Они не виделись со вчерашнего дня. Клара жалела, что муж не согласился, чтобы ее поместили в общую палату. У нее никогда не было подруги. Не было доверительных теплых отношений с другой женщиной. Она застенчива, боится людей… Ей странно и страшно в чужих городах. Она и по-французски говорит с трудом. Теперь кое-как освоила провансальский, но все равно дичится, так уж привыкла. Когда Дарио рядом, ей никто не нужен; сейчас она не расстается с малышом, о ком, казалось бы, тосковать, но Клара иногда ловила себя на мысли, что ей не хватает женской дружбы. Она слышала, как весело смеются в общей палате; и любопытно было бы взглянуть на других младенцев… Конечно, ни один не сравнится с ее сыночком, маленьким Даниэлем, ни у кого нет такого ладного тельца, крепких ножек, проворных ручек, никто не сосет грудь с такой жадностью и силой. Дарио позаботился, чтобы Клара лежала в отдельной палате, в тишине и уюте, — неслыханная роскошь! Любимый, как же он бережет ее! И думает, что жена ни о чем не догадывается… Не знает, скольких трудов и тревог стоил ее комфорт… А ведь она сразу заметила, как он устал: руки дрожали, голос срывался, Дарио все спешил, волновался, суетился.
И успокоился только с рождением малыша. Клару удивила его умиротворенность. Но не встревожила. В сердце, переполненном благодарностью Богу, нет места тревоге. Она тихонько приподнялась, придвинула поближе — ближе, еще ближе — колыбельку и склонилась над ней. Не видя сына, она прислушивалась к его дыханию. Потом с трудом, превозмогая боль, опять откинулась на спину. Осторожно ощупала набухавшую грудь: в час вечернего кормления молоко стремительно прибывало, подступало жаркой волной.

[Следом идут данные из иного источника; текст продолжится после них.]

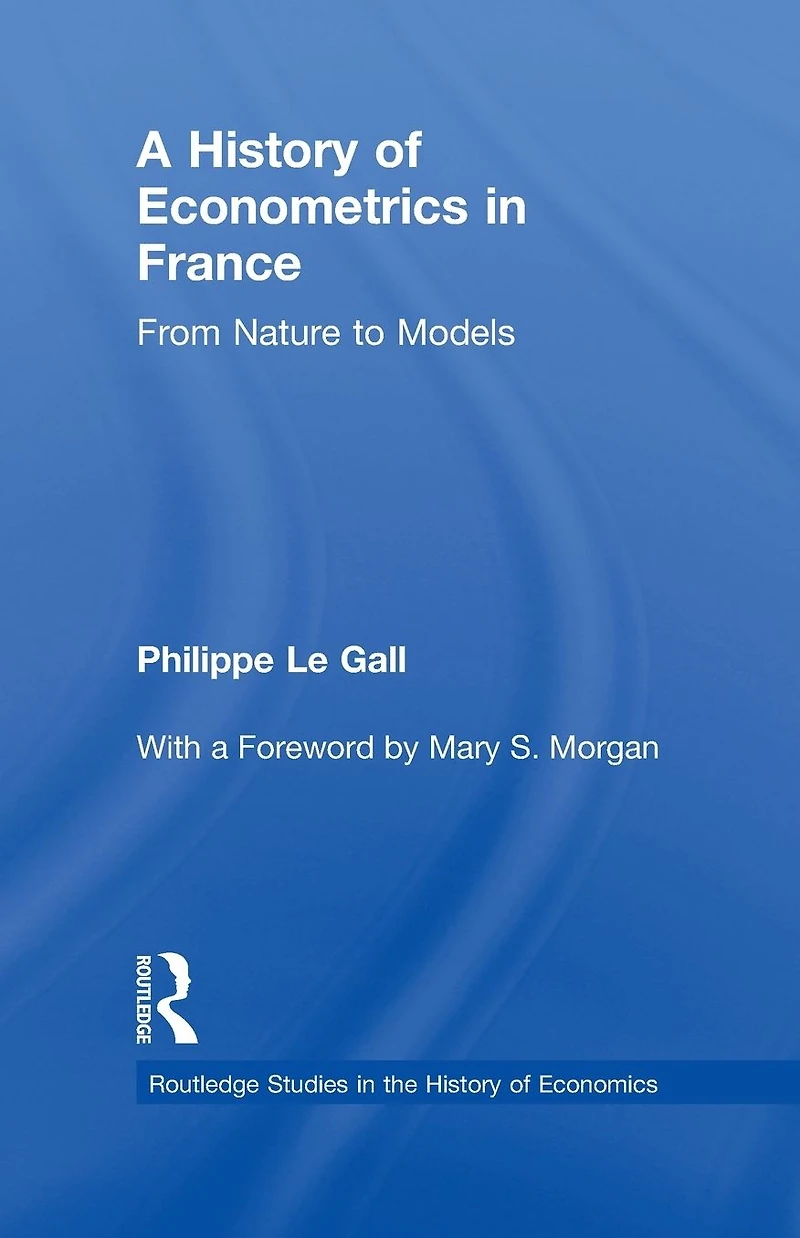 A History of Econometrics France: From Nature to Models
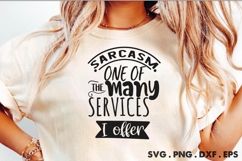Sarcasm One Of The Many Services I Offer SVG Product Image 1
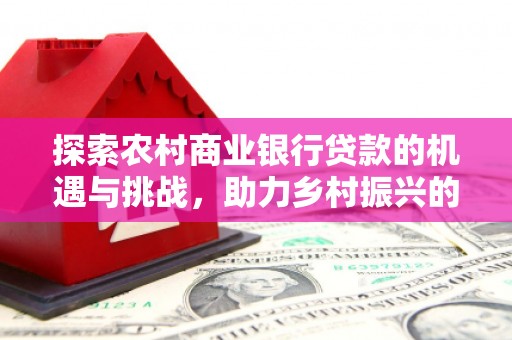 茄萣探索农村商业银行贷款的机遇与挑战，助力乡村振兴的金融引擎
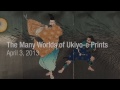 The Many Worlds of Ukiyo-e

Под плотно натянутой простыней тела Клары почти не было видно, такая она маленькая, худая и плоская. Лишь лицо выглядывало. На самом деле ей за тридцать, хотя по виду не то девочка, не то старушка. Взглянешь на выпуклый низкий лоб без единой морщины, гладкие веки, великолепные ровные белые зубы — кроме зубов, ей нечем хвалиться, — и Клара покажется совсем юной. Но спутанные пряди курчавых распущенных волос отливали серебром, вокруг детских мягких губ залегли горькие складки, в темных глазах застыло скорбное выражение: они пролили много слез, видели смерть близких, не смыкались долгими ночами, с мужеством глядели в лицо нужде и с надеждой — на дорогу.
Ушли последние посетители, монахини развозили на тележках скромный ужин. Женщины готовились к вечернему кормлению. Плакали разбуженные младенцы. Вошла сестра, дюжая, грубоватая, толстощекая и румяная, помогла Кларе сесть и положила ей на руки сына.

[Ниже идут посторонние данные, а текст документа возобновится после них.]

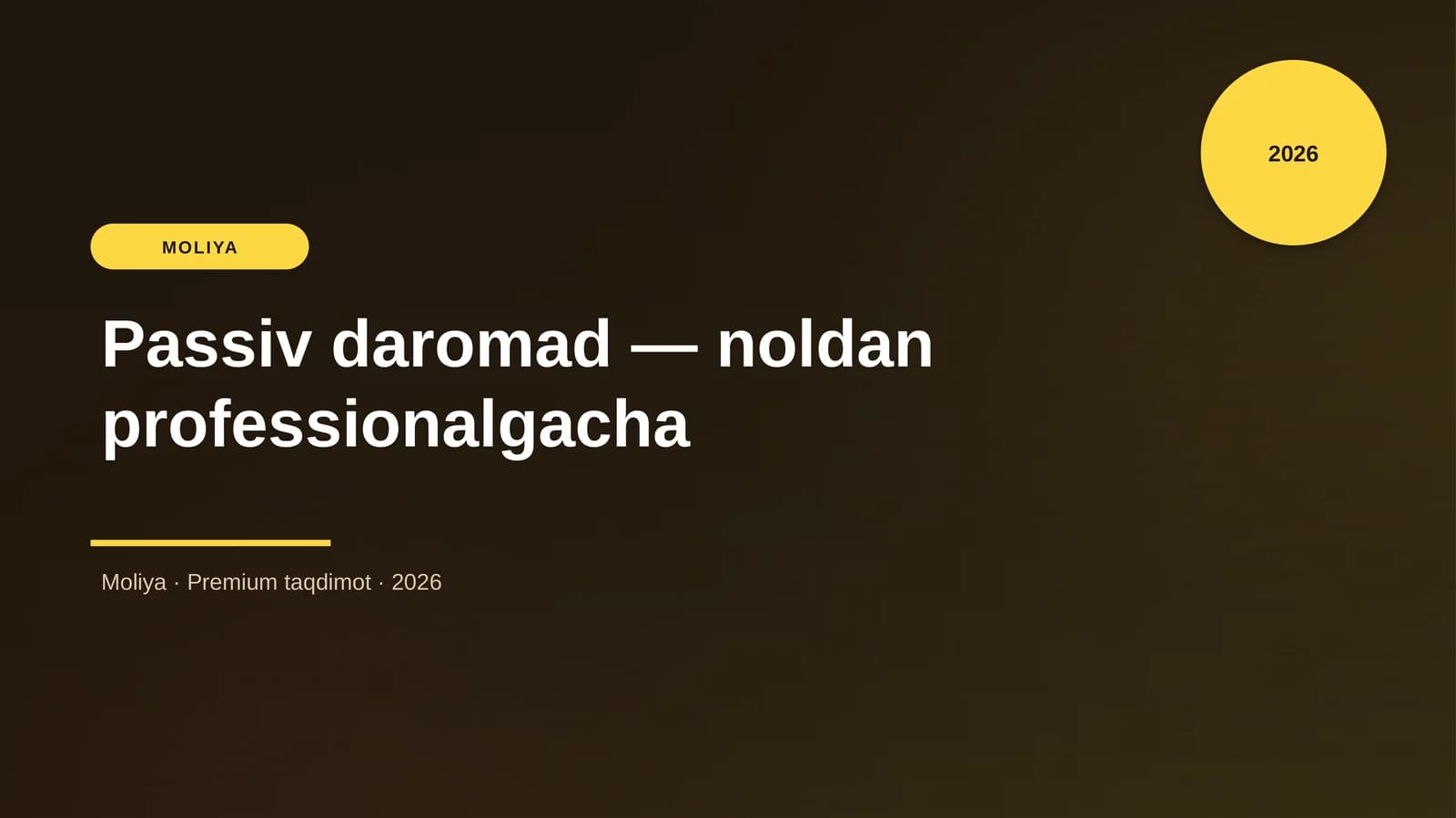 Passiv daromad — noldan professionalgacha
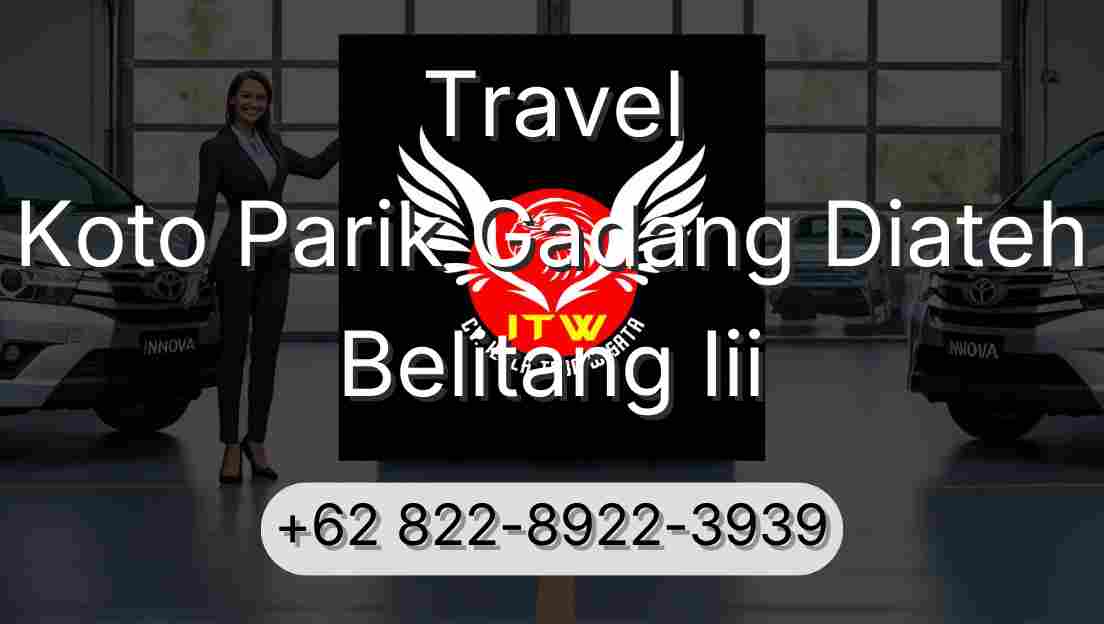 Travel Koto Parik Gadang Diateh Belitang Iii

Некоторое время обе молча смотрели на пушистую вспотевшую головенку — младенец искал грудь и всхлипывал; потом послышалось тихое довольное чмоканье, и вскоре малыш успокоился: то посасывал, то засыпал. Женщины стали вполголоса разговаривать.
— Ваш муж еще не навещал вас сегодня? — спросила сестра. Она была из Ниццы и потому говорила слегка нараспев.

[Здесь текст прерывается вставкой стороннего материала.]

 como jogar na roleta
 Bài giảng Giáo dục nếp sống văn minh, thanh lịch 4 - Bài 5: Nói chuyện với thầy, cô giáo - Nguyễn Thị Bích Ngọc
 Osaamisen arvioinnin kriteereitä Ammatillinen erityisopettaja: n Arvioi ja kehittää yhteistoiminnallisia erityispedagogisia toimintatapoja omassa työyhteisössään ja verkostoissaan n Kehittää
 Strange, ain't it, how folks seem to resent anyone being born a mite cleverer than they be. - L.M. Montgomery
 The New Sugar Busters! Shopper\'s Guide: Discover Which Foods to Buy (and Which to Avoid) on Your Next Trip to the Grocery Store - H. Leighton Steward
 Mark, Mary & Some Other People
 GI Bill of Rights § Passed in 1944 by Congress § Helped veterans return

— Не навещал, — ответила кормящая с грустью.
Муж, конечно, еще придет. Может, у него нет денег на трамвай? А путь сюда от центра города неблизкий.
— У вас хороший муж, — сказала сестра и хотела взять уснувшего малыша, чтобы взвесить после кормления.
Но тут младенец открыл глазки и пошевелился. Мать покрепче прижала его к себе.
— Подождите. Не уносите пока. Он еще голодный.
— Хороший муж и заботливый отец, — продолжала сестра. — Каждый день спрашивает, не нужно ли вам чего-нибудь принести, всего ли хватает. Уж так он вас любит! Ну все, теперь хватит. — Она поднялась и решительно направилась к кормящей.
Клара ее насмешила, когда инстинктивно заслонила сына и не сразу решилась его отдать.
— Вы его перекармливаете, малыш, чего доброго, заболеет.
— Ваша правда, мадам. — Клара так и не привыкла называть сестрами монахинь, что ухаживали за ней. — Просто я так рада, что могу кормить его вволю. Мой первенец умер оттого, что у меня не хватало молока и не на что было его купить.